公既窥见朝端水火,新旧之隙侵深,遂变节而有阿附容身之举。
盖以是年四月二十三日,方有变法之诏,而二十七日即有朱逾,令翁同龢开缺回籍。同日复降旨,令在廷臣工及文武大员补缺受赏,必诣皇太后前谢恩,或具折,又以荣禄为北洋总督,皆四月二十七日事之捖兵权。公盖逆知变法无成,而大祸将作,故遂不得不急求自保矣。及政变后旧党之焰,如鼎镬之逼人,李端棻、徐致靖父子、陈宝箴父子及他言新之士数十人,或杀或逐,天昏地暗。或谓公因自保,故实与其事。盖当时湖南有新公羊学说出,大肆衍播,以为改制度,而公则为《劝学篇》以遏之。又有湘人王廉之徒,立论排牴公羊,仇新政,议者谓出公意旨。由是党人益仇公,几欲将其向日声名,堕之于涂炭,舆论亦稍稍抨击,公之闻望乃有一落千丈之势矣。
相推相激,遂有己亥立嗣之变。方是时,惟刘忠诚上章切谏,公则援吴可读以自解,不敢稍立异同。庚子北方大乱,拳祸滔天,浸至五忠被杀,袁、许皆公门弟子,有声于政界者。

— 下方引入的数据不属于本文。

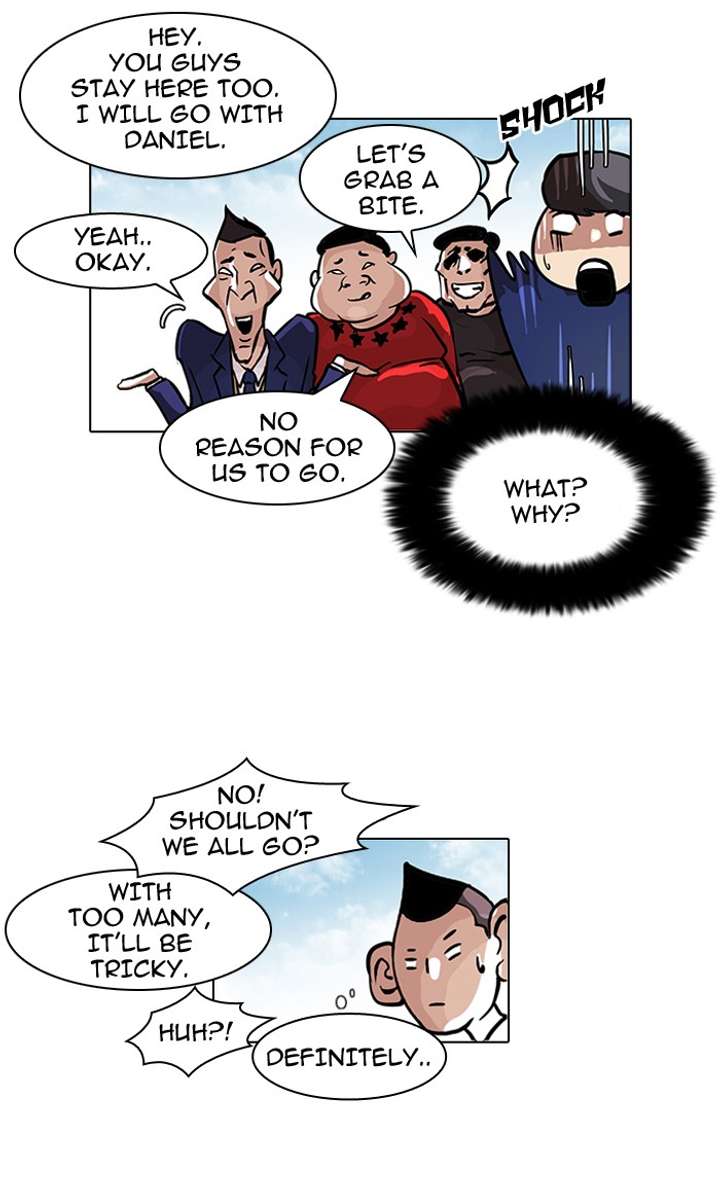 ch 35 51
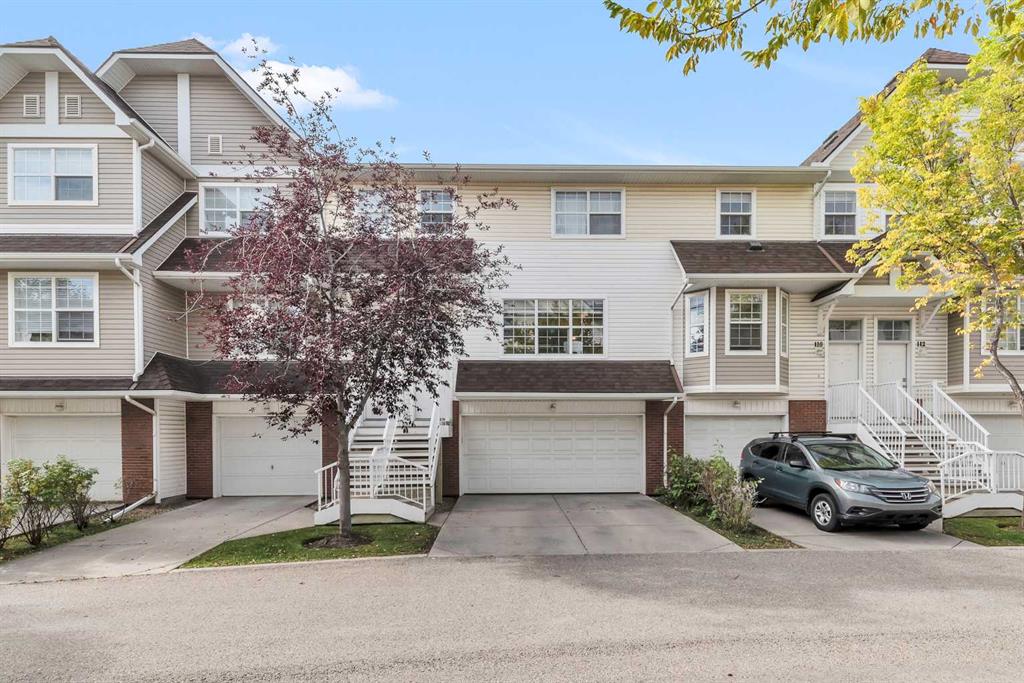 Picture of 108 Tuscany Springs Gardens NW, Calgary Real Estate Listing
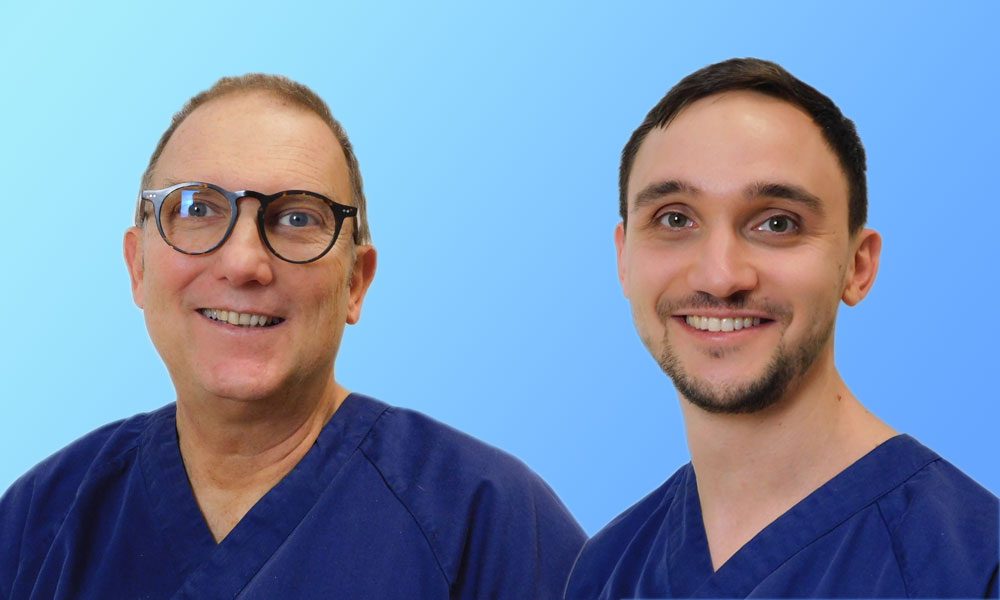 MontageAerzte1000x600px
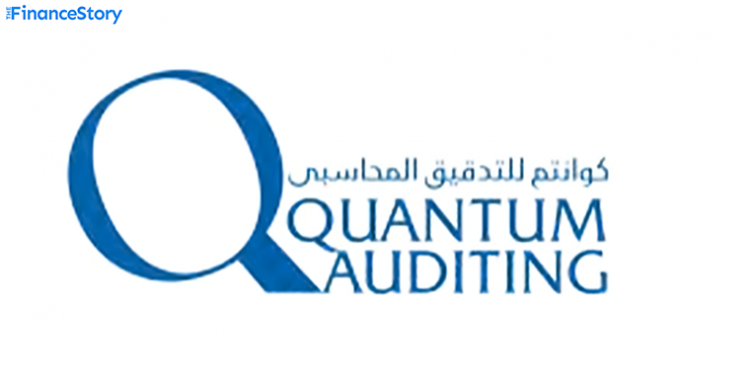 Looking for Audit Associate jobs in UAE or Bahrain? Quantum Auditing is hiring Chartered Accountants.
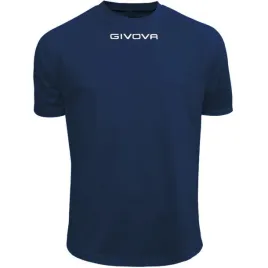 koszulka-givova-one-granatowa-mac01-0004-r-3xl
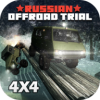 ԽҰɳģ(Russian Offroad Trial 2020)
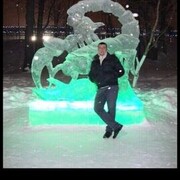  -,   , 43 ,   ,   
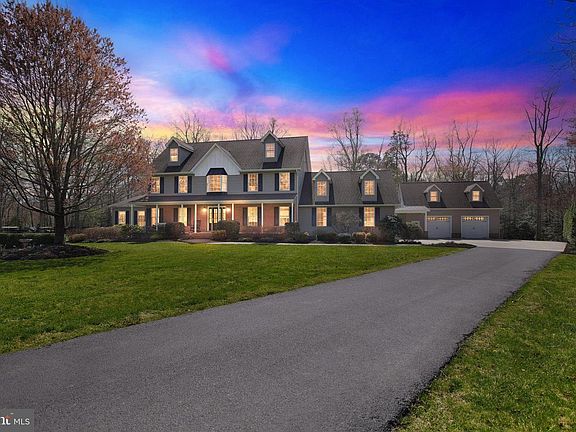 2nd image of 49730 School House Ln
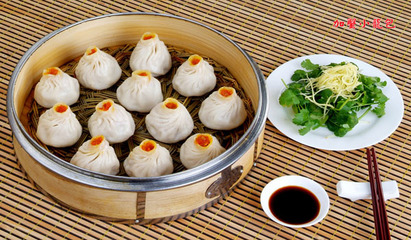 常州有什么特色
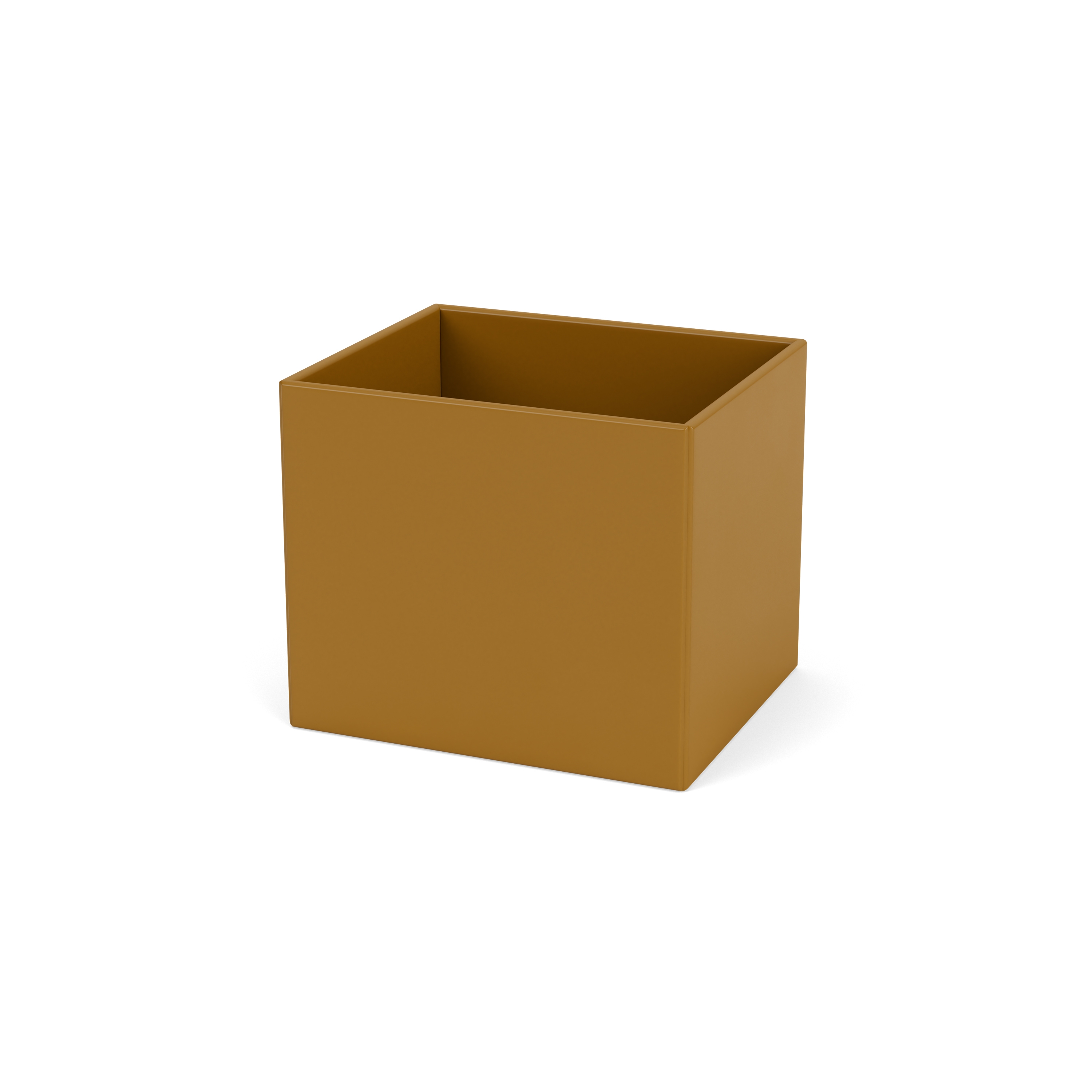 Living Things | LT3061 – plant and storage box | Montana Furniture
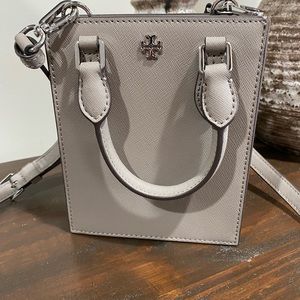 Tory Burch Crossbody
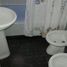 1 Habitación Departamento en venta en Quilmes, Buenos Aires, Quilmes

闻公此时,惟日啜泣,曾遗恺军北上勤王,然道梗不达。先是李文忠由粤督应召人都,逡巡于沪上,力持保东南策,刘忠诚亟赞成。公鉴于大势,亦力主其议,遂由江鄂共派陶森甲到沪,与各国领事结东南互保之约,所全实多。顾当时有党人据于沪汉,不乘虚蹈瑕,戮力于北,而转欲于东南完全之地,举兵起事以勤王召号,计疏事泄,遂有唐才常、傅良弼等流血于武昌之案。微闻案发,公对幕友叹息云:“今日动辄杀人,大非佳兆。”其意欲出唐等于死罪,鄂抚于荫霖执不可,公亦不敢固争。辛丑和约后,公府物力,亦萧然扫地。然朝议方欲再练新军,以镇畿辅,遂复遣大臣南下搜括,与己亥刚毅南下之情事略等。顾此两次,公皆力拒之,以此湖广财政,终不似苏浙之缺,则公之力也。湖北担任辛丑赔款,其始分取各州县,其后公于土膏捐中求得之。乃令挹原款以兴地方学务,故湖北地方小学,不忧费绌,亦公之力也。